Dx: ELISA testing for anticardiolipin and anti-β2-glycoprotein-I (IgG and/or IgM) antibodies
Lupus anticoagulants are antiphospholipid antibodies that, when bound to their target proteins, prolong clotting times (such as the prothrombin time and activated partial thromboplastin time); despite this clotting time prolongation, patients with lupus anticoagulants are actually thrombophilic. Because lupus anticoagulants act as inhibitors, these measures do not correct when a mixing study is performed in which the patient’s plasma is combined with plasma that contains all of the normal clotting factors.
Dx: Requires a 3-step procedure including screening tests (eg, diluted Russell viper venom and sensitive aPTT); mixing studies; and confirmatory phospholipid tests
Antiphospholipid autoantibodies APS is an acquired autoimmune disorder associated with venous or arterial thromboembolism, pregnancy loss, thrombocytopenia, kidney impairment, vasculitis, and cardiac valvular abnormalities; Antibodies are directed against the phospholipid β2-microglobulin, which is an inhibitor of coagulation and platelet aggregation.
Dx: Can be detected with enzyme immunoassays or phospholipid-dependent coagulation tests such as the (prolonged) activated partial thromboplastin time (aPTT) and the dilute Russell viper venom time.

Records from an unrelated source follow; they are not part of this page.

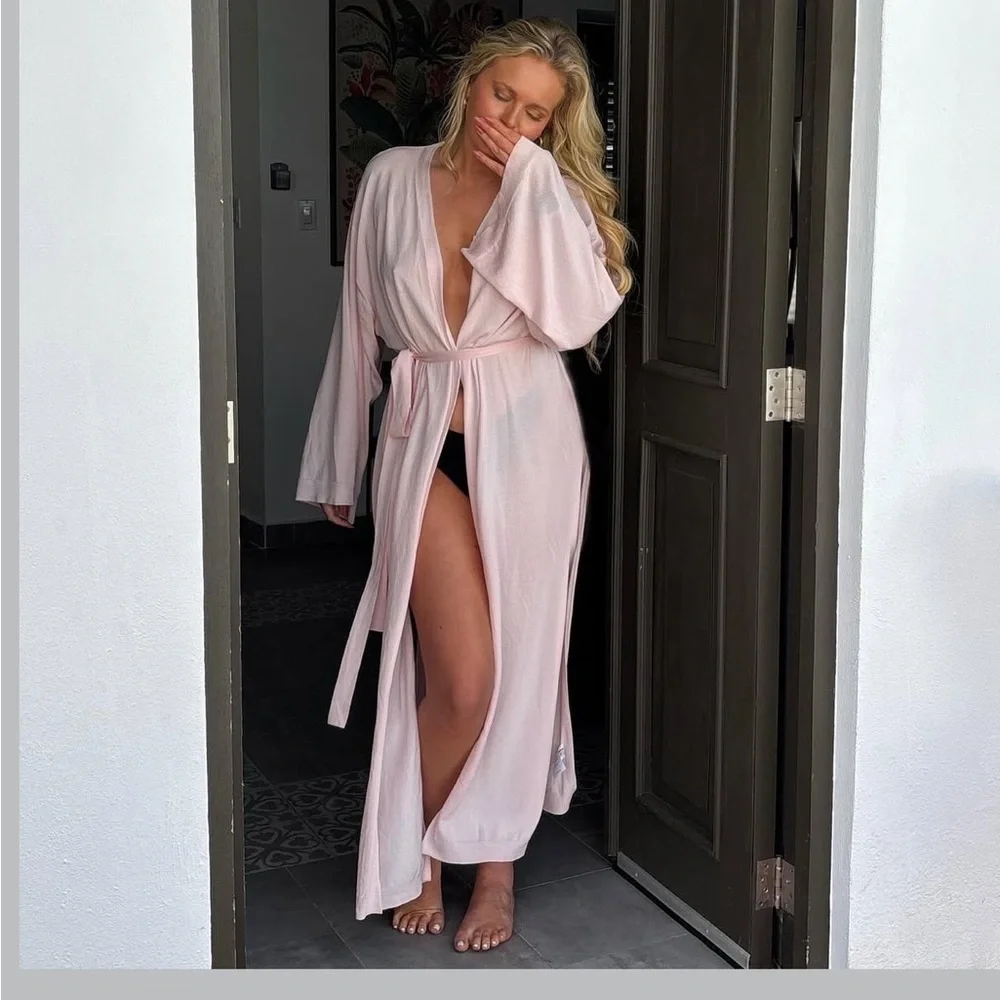 Elegant Pink Women's Robe - Picture 2 of 8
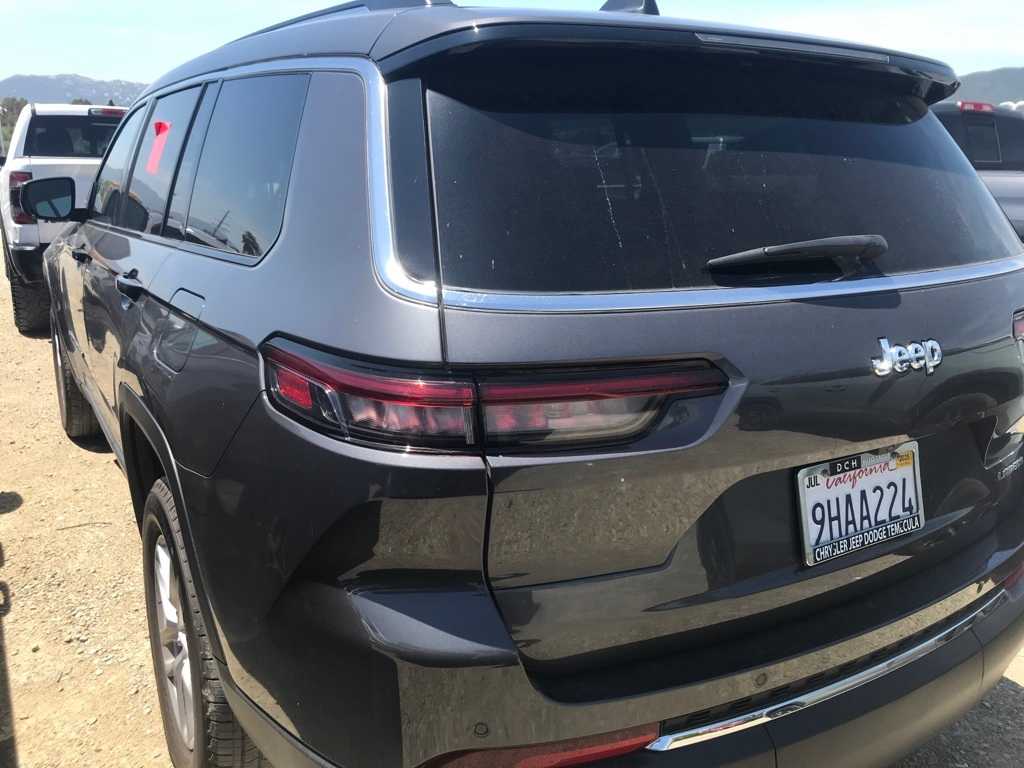 2023 Jeep Grand Cherokee L Laredo 7
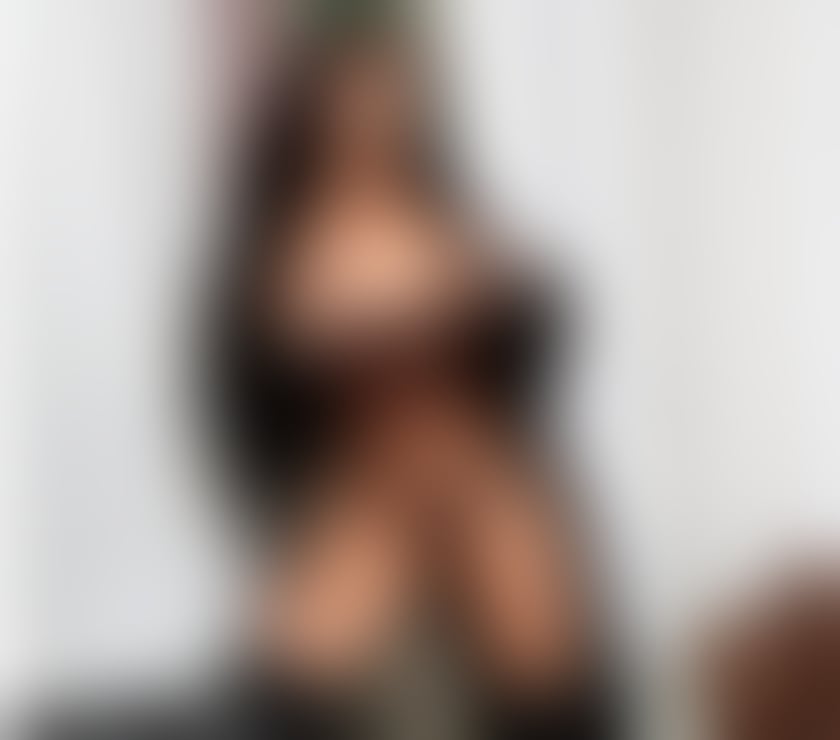 Escorts West Midlands Coventry - Photos for MIA NEW HERE FROM BR 🇧🇷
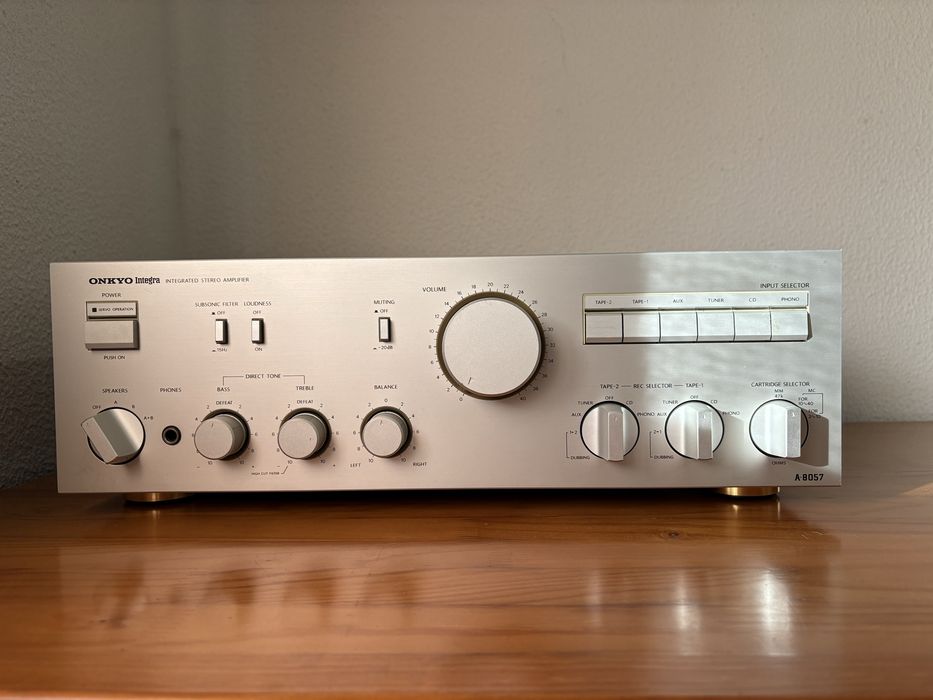 Amplificador Onkyo Modelo A-8057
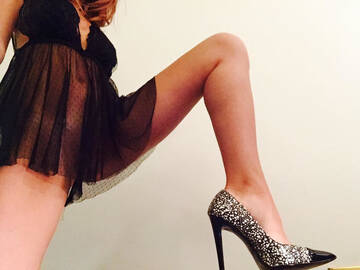 Quando cammino con i tacchi mi piace infrangere contemporaneamente i Dieci Comandamenti e il Codice della strada.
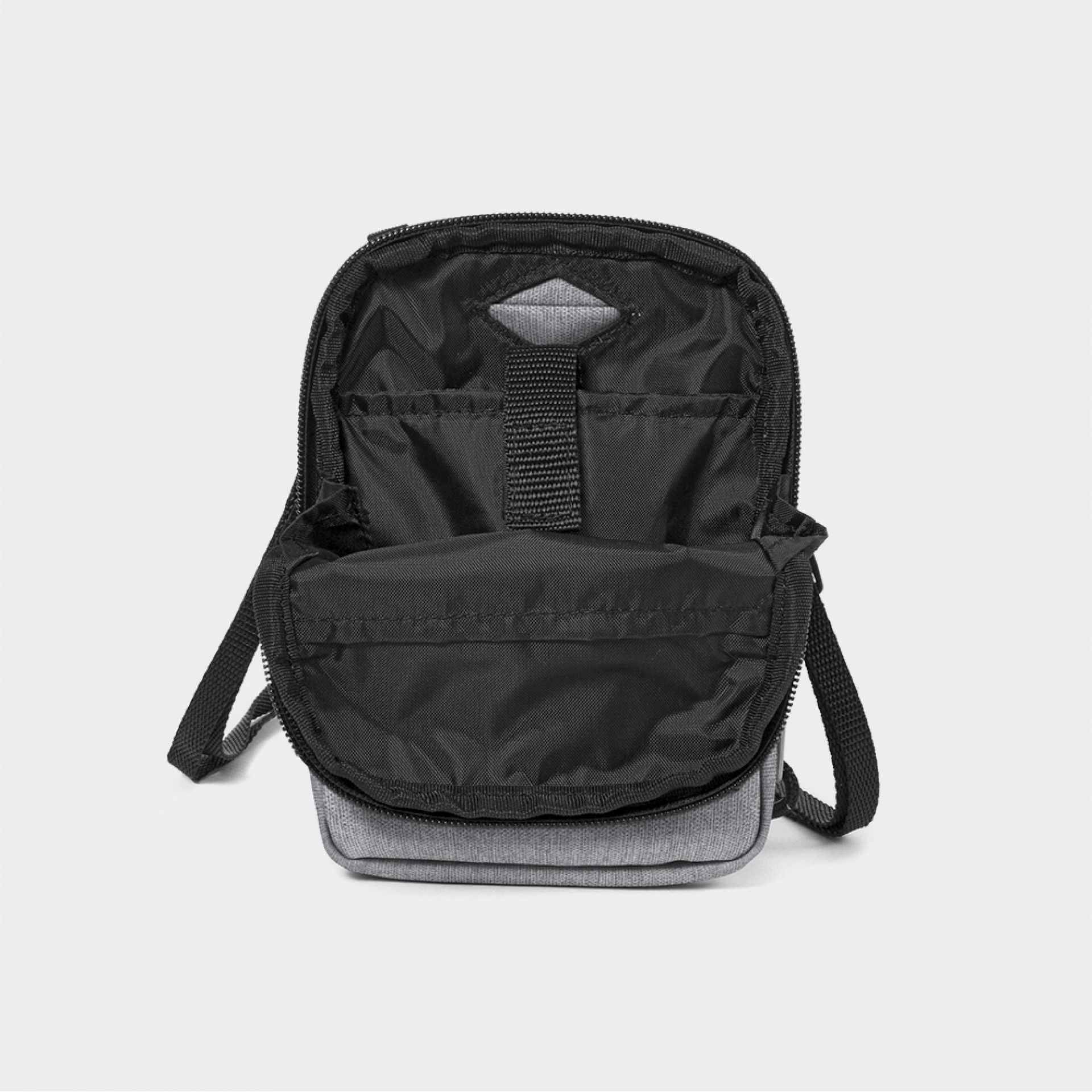 Bolso bandolera gris Eastpak Buddy Sunday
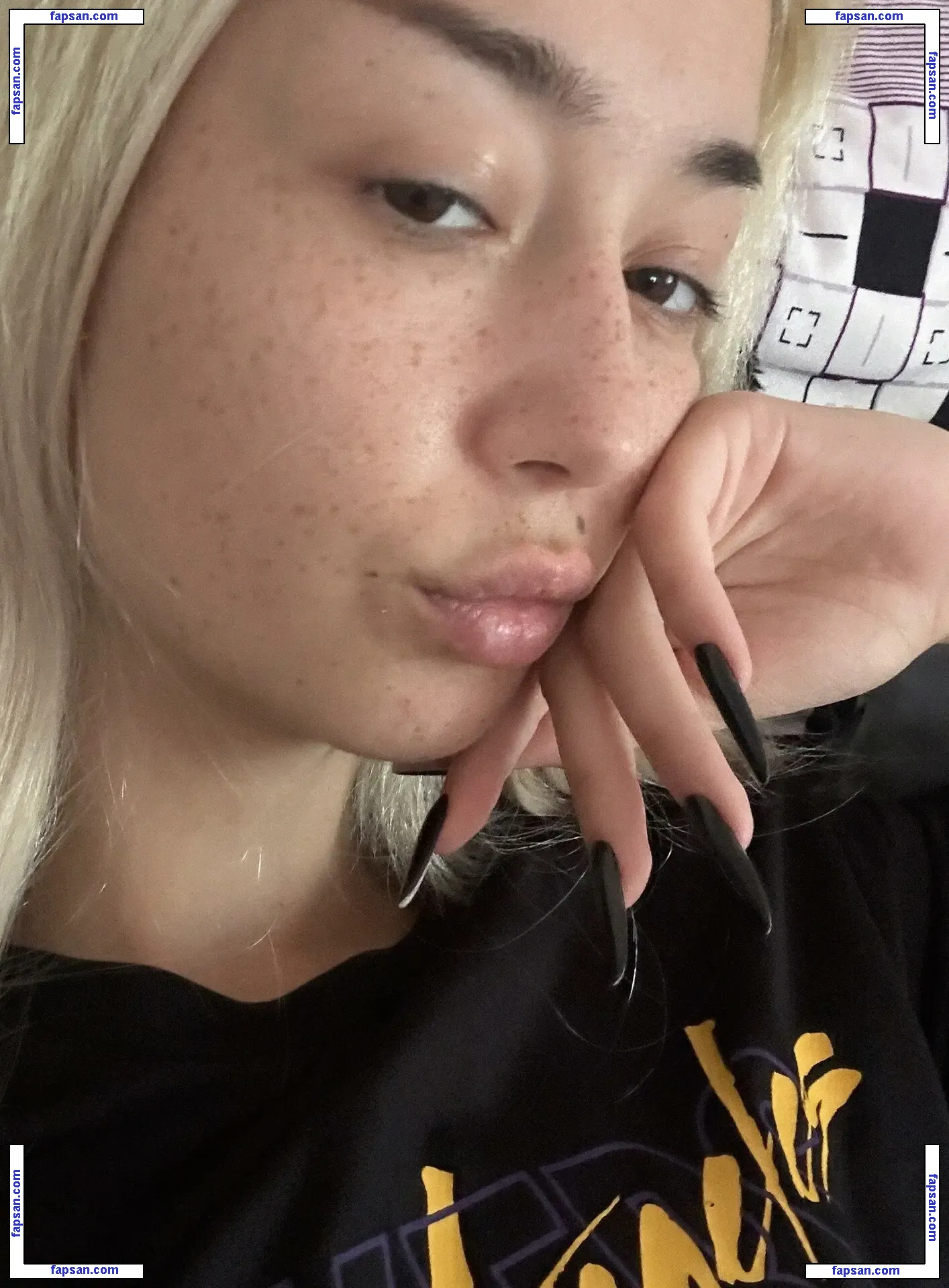 lenalovesux голая фото #0003 с Онлифанс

Tx: A systematic review reported that the absolute risk of new venous thromboembolic (VTE) disease in patients with antiphospholipid antibodies is low (less than 1% per year). However, this risk may be increased to up to 10% per year in women with antiphospholipid antibodies or APS and recurrent fetal loss and more than 10% per year in patients with antiphospholipid antibodies and previous VTE who have discontinued anticoagulants within 6 months. Current recommendations are to treat these latter high-risk patients with anticoagulants indefinitely.
Protein C deficiency
⛑ Warfarin inhibits production of vitamin K–dependent clotting factors II, VII, IX, and X. It also inhibits production of the natural anticoagulants proteins C and S. This decreases protein C anticoagulant activity to 50% within the first day while levels of procoagulant factors (II, IX, and X) decline more slowly, leading to a transient hypercoagulable state. This increases the risk for venous thromboembolism and skin necrosis, especially in patients with underlying hereditary protein C deficiency.
Hx: Skin lesions typically occur on the extremities, breast, trunk, and penis and marginate over a period of hours. If left untreated, affected areas become edematous, purpuric, and ultimately necrotic.
Tx: Treatment involves immediate cessation of warfarin and administration of protein C concentrate.